DIAL: Decoupling Intent and Action via Latent World Modeling for End-to-End VLA
June 2, 2026 · View on GitHub
Project Page | Paper | Model Weights
The development of Vision-Language-Action (VLA) models has been significantly accelerated by pre-trained Vision-Language Models (VLMs). However, most existing end-to-end VLAs treat the VLM primarily as a multimodal encoder, directly mapping vision-language features to low-level actions. This paradigm underutilizes the VLM’s potential role in high-level decision making and introduces training instability, frequently causing degradation of its rich semantic representations.
To address these limitations, we introduce DIAL (Decoupling Intent and Action via Latent World Modeling), a framework that bridges high-level decision making and low-level motor execution through a differentiable latent intent bottleneck. Specifically, a VLM-based System-2 performs latent world modeling by synthesizing the latent visual foresight within the native feature space of the VLM’s vision encoder; this foresight explicitly encodes the VLM’s intent and serves as the structural bottleneck. A lightweight System-1 policy then decodes this predicted intent together with the current observation into precise robot actions via latent inverse dynamics. To ensure optimization stability, we employ a two-stage training paradigm: a decoupled warmup phase in which System-2 learns to predict latent futures while System-1 learns motor control under ground-truth future guidance within a unified feature space, followed by seamless end-to-end joint optimization. This design enables action-aware gradients to refine the VLM backbone in a controlled manner while preserving its pre-trained knowledge.

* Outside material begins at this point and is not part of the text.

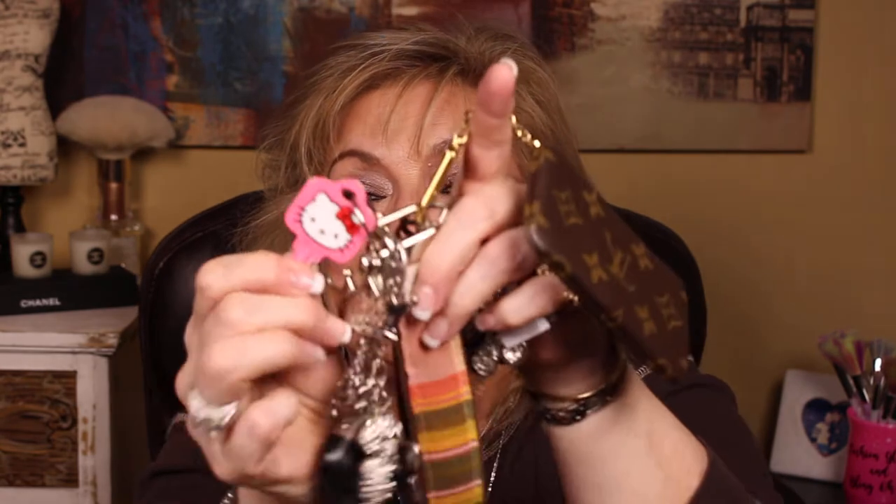On the key ring I have my little Louis Vuitton card holder — I think it's called the Cléa — and in it I put my driver's license, my number one credit card, my health card, and a $20 emergency bill. That's all that goes in there. Also on the key ring is my house key, which is a Hello Kitty house key.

Extensive experiments on the RoboCasa GR1 Tabletop benchmark demonstrate that DIAL establishes a new state of the art, achieving superior performance with 10× fewer demonstrations than prior methods. Furthermore, by leveraging heterogeneous human demonstrations, DIAL learns physically grounded manipulation priors and exhibits robust zero-shot generalization to unseen objects and novel configurations during real-world deployment on a humanoid robot.
Table of Contents
Installation
Training Environment
Training hardware: 8 × NVIDIA GPUs, per-GPU batch size 32, CUDA 12.x.
conda create -n dial python=3.10 -y
conda activate dial
# Install DIAL
cd DIAL
pip install -e .[base]
# Additional dependencies
pip install flash-attn==2.7.1.post4 --no-build-isolation
pip install qwen-vl-utils[decord]==0.0.8
pip install scikit-learn
The Qwen2.5-VL-3B-Instruct backbone is automatically loaded from HuggingFace at runtime (configured via vlm_path in the model config JSON).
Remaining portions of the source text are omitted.